The day came when he asked his brother to walk with him in the fields. Abel was eager to take this opportunity to sort things out with his brother. But Cain had other ideas, and out there, with no human witness, he killed his brother. He did not know that the very ground bore witness against the murder of the innocent, and that he would be eating from a bitter crop all the days of his life.

Monday, November 07, 2016

The source of strength

He was 75 years old when the call came to leave everything he had known and follow the guidance of an invisible God to a place he did not know, which would become his inheritance. He was to take his barren wife with him, and somehow, though they were both already old, he would be the father of a great nation. And through this absurd choice, which shocked his friends and acquaintances into scornful laughter, he would somehow become a source of blessing to all the nations of the earth (what did that even mean?). And so the old man packed up his whole life and stepped forward into impossibility. By faith he allowed his whole world to be turned upside down.

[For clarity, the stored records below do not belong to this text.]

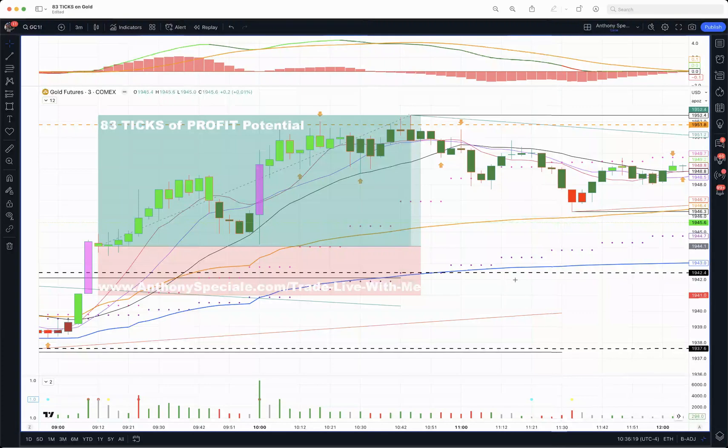83 ticks of pure profit on gold. Many of you know I trade crude oil, Nasdaq, S&P, and gold futures. The techniques I use, whether it's traditional analysis or the Profit Pack, all work in conjunction with any market you ultimately want to trade. Once you become proficient at this, you can apply these skills and techniques to cryptocurrencies, forex pairs, stocks and equities — whatever you want.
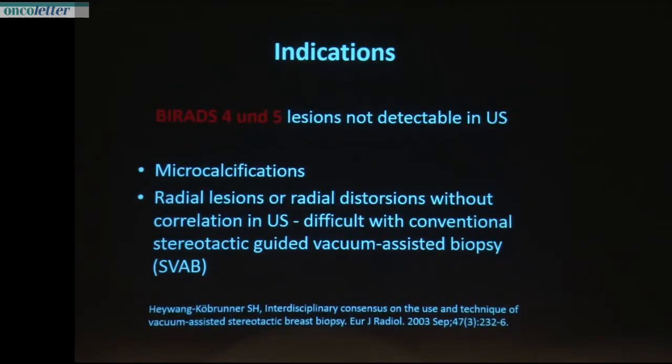What are the indications for stereotactic interventions of the breast? It's BI-RADS 4 and 5 lesions not detectable on ultrasound. The main group is the microcalcifications, and you can also do radial lesions with a stereotactic intervention. Radial lesions are a problem in traditional stereotactic interventions, as noted in the consensus paper from 2003. But now these lesions are easy to reach with tomosynthesis-guided vacuum-assisted biopsy.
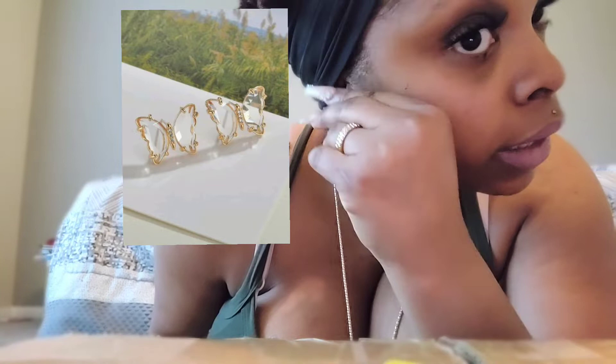I also got these earrings - they're butterflies. Can y'all see? So pretty, right? They're clear, and they have some in purple clear and different colors, but I just got the clear. I got my natural hair y'all, but it came in cute. So I got those butterfly earrings and this necklace from Shein.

And when, after the long hard years of waiting, the child of promise was born to them, he was willing, at the command of that same God, to lay down the life of that child, though every promise he had been given was dependent on that child’s life. Where did he find the strength? His eyes were fixed on another kingdom, a kingdom which could never fail, whose builder and maker was the Lord.

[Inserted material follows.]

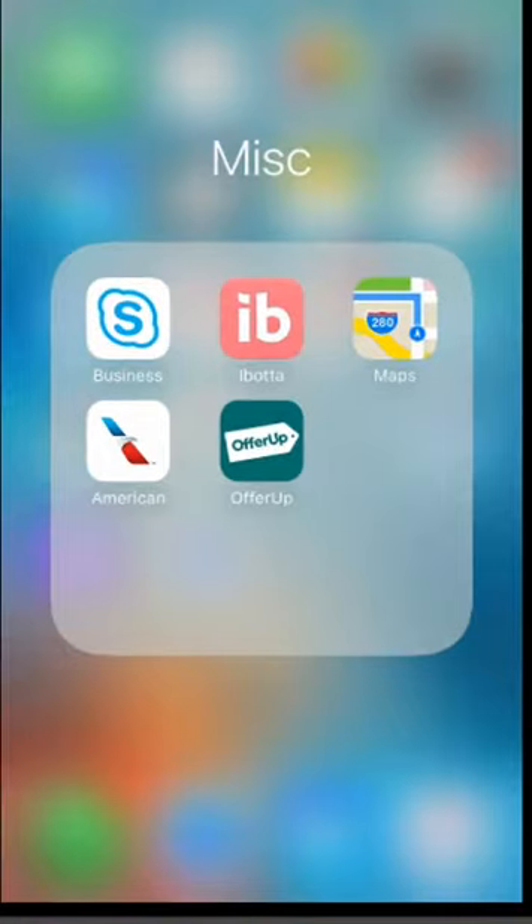Hey guys, welcome back to my channel Cloud Thinking. For today's video I wanted to do another app review. This app is not new by any means — I downloaded it over a year ago. It was useful, I saved some money using it, but it didn't have all that much to it. About a month ago I decided to open it again and found it has added a lot of new features that I wanted to cover, since most videos are older and don't cover these updates.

Another time, another place, another man. This one was eighty years old, and his life had become a bitter story of failure. It had all started so well, with his life miraculously spared and his adoption into the royal family of the very nation that had enslaved and mistreated his people. But in a moment of fierce anger he had acted impetuously and thrown all his advantages away. The last forty years had been spent herding the flocks in a forgotten corner of the desert. But now he was summoned by a miraculous sign to return to the very place he had fled, to face down the royal power in its stronghold, and demand freedom for his people> He did not even believe himself a fluent speaker, yet he was called to declare the impossible before a king. Where did he find the strength? His eyes were fixed on another kingdom, a kingdom which could never fail, whose maker and builder was the Lord.

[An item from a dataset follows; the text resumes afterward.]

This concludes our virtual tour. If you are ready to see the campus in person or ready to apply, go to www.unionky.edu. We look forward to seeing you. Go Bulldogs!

Another time, another place, another man. This one was only about 33, and he had already put aside all the joys of heaven to walk in the pain and weakness of humanity. Now, in the middle of the night, he knelt in an olive grove, and the agony of his submission was so intense that the sweat fell from him like drops of blood. He knew what lay ahead. He knew that when he left that garden he would be going forth to face false accusations, jeering crowds, abandonment, torture and death. “Nevertheless,” he said, “your will be done.” Where did he find the strength? His eyes were fixed on another kingdom which could never fail, whose builder and maker was the Lord, and so, for the joy that was set before him, he walked forward, with deliberate intent, into all the agony of sin and death.